── COLLECTED MATERIAL

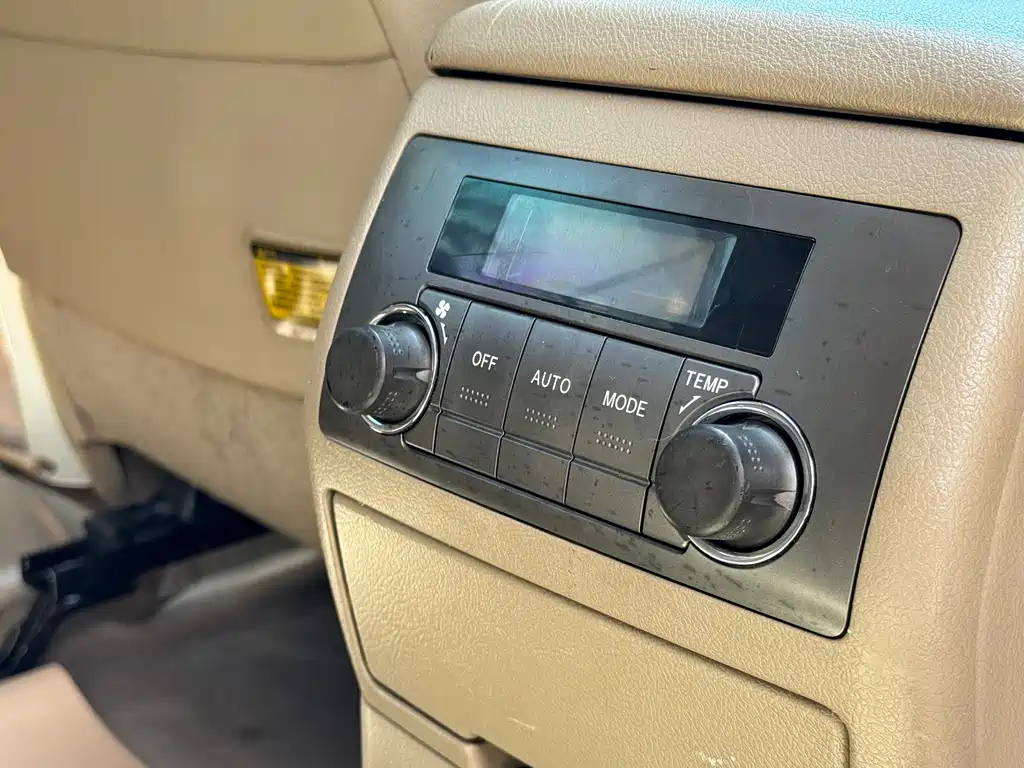 TOYOTA HIGHLANDER 2011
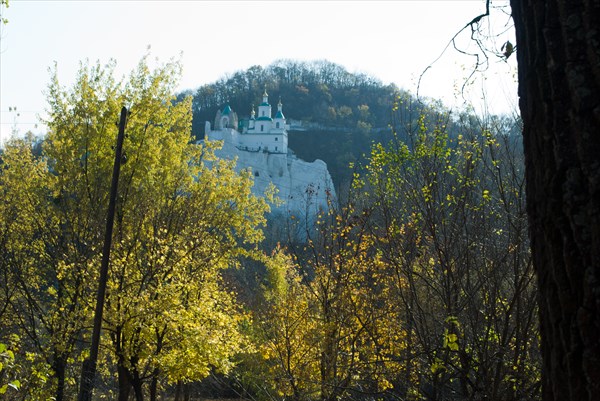 Монастырь на меловой скале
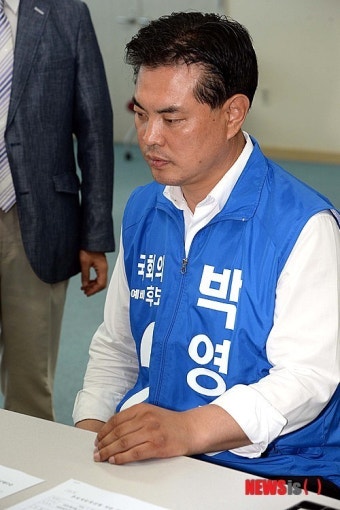 후보 등록하는 새정치민주연합 박영순 후보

────

# WORK REQUEST
Print the listing verbatim; no pictures.

# ANSWER TO THIS EXERCISE
 TOYOTA HIGHLANDER 2011
 Монастырь на меловой скале
 후보 등록하는 새정치민주연합 박영순 후보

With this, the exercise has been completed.